Segment Open
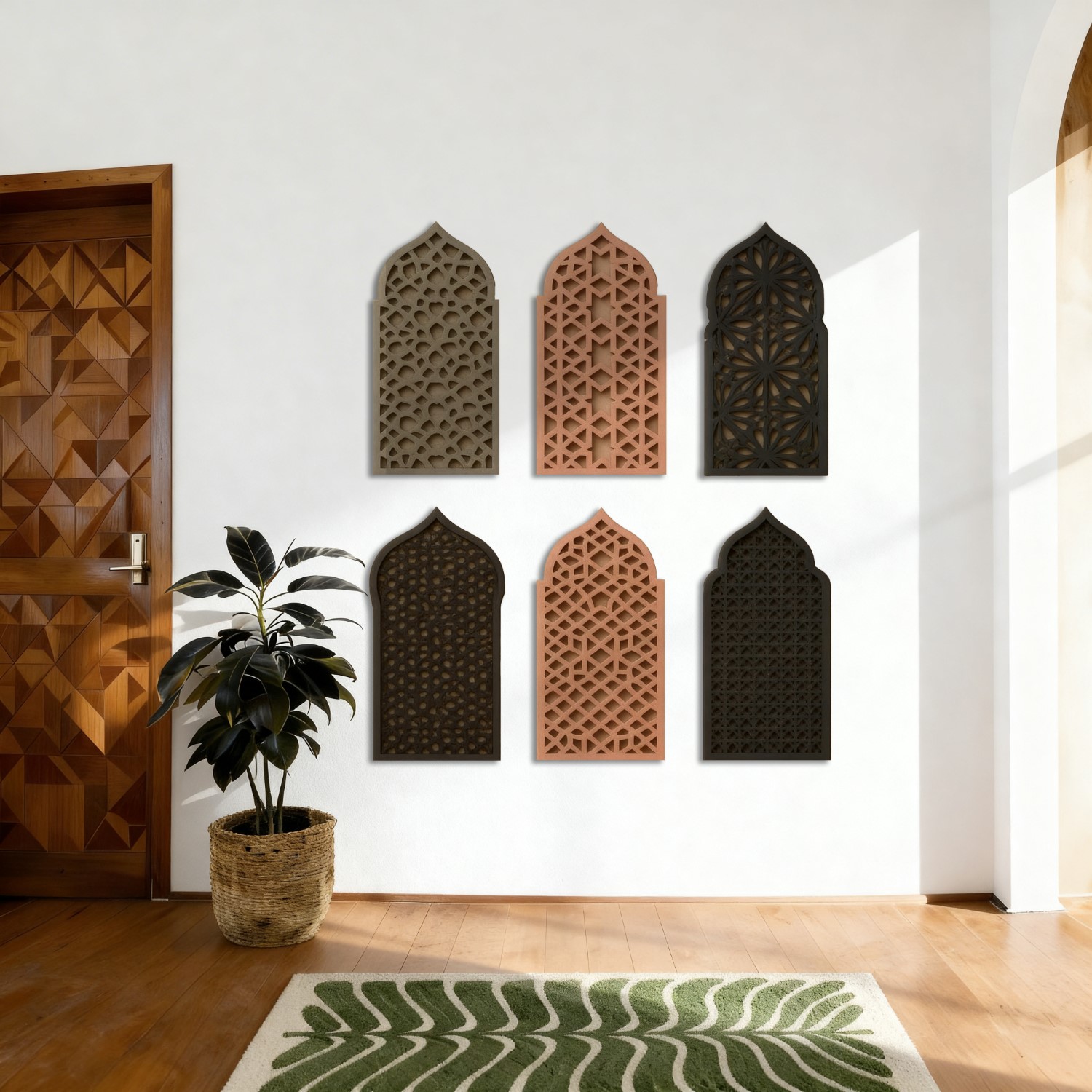 Shahi Rang Aangan - Handcrafted 3D Jharokha wall a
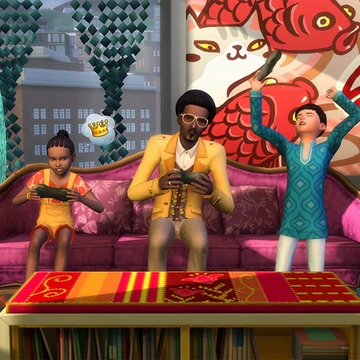 Играем: видеоигры и баскетбол в «The Sims 4 Жизнь в городе»
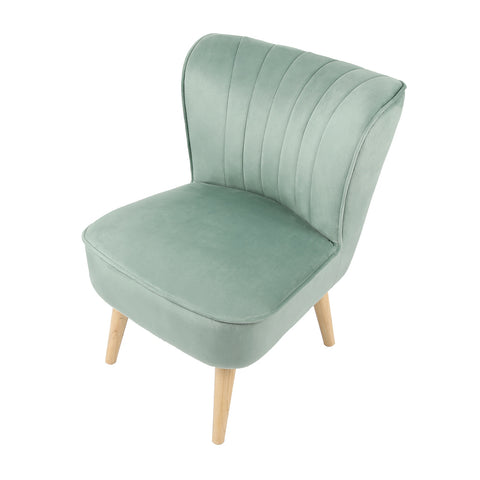 Shaun - Velvet Accent Chair - (Green, Grey, Teal, Pink)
Segment Closed
ASSIGNMENT:
Print the listing exactly, pictures excluded.

EXERCISE RESPONSE:
 Shahi Rang Aangan - Handcrafted 3D Jharokha wall a
 Играем: видеоигры и баскетбол в «The Sims 4 Жизнь в городе»
 Shaun - Velvet Accent Chair - (Green, Grey, Teal, Pink)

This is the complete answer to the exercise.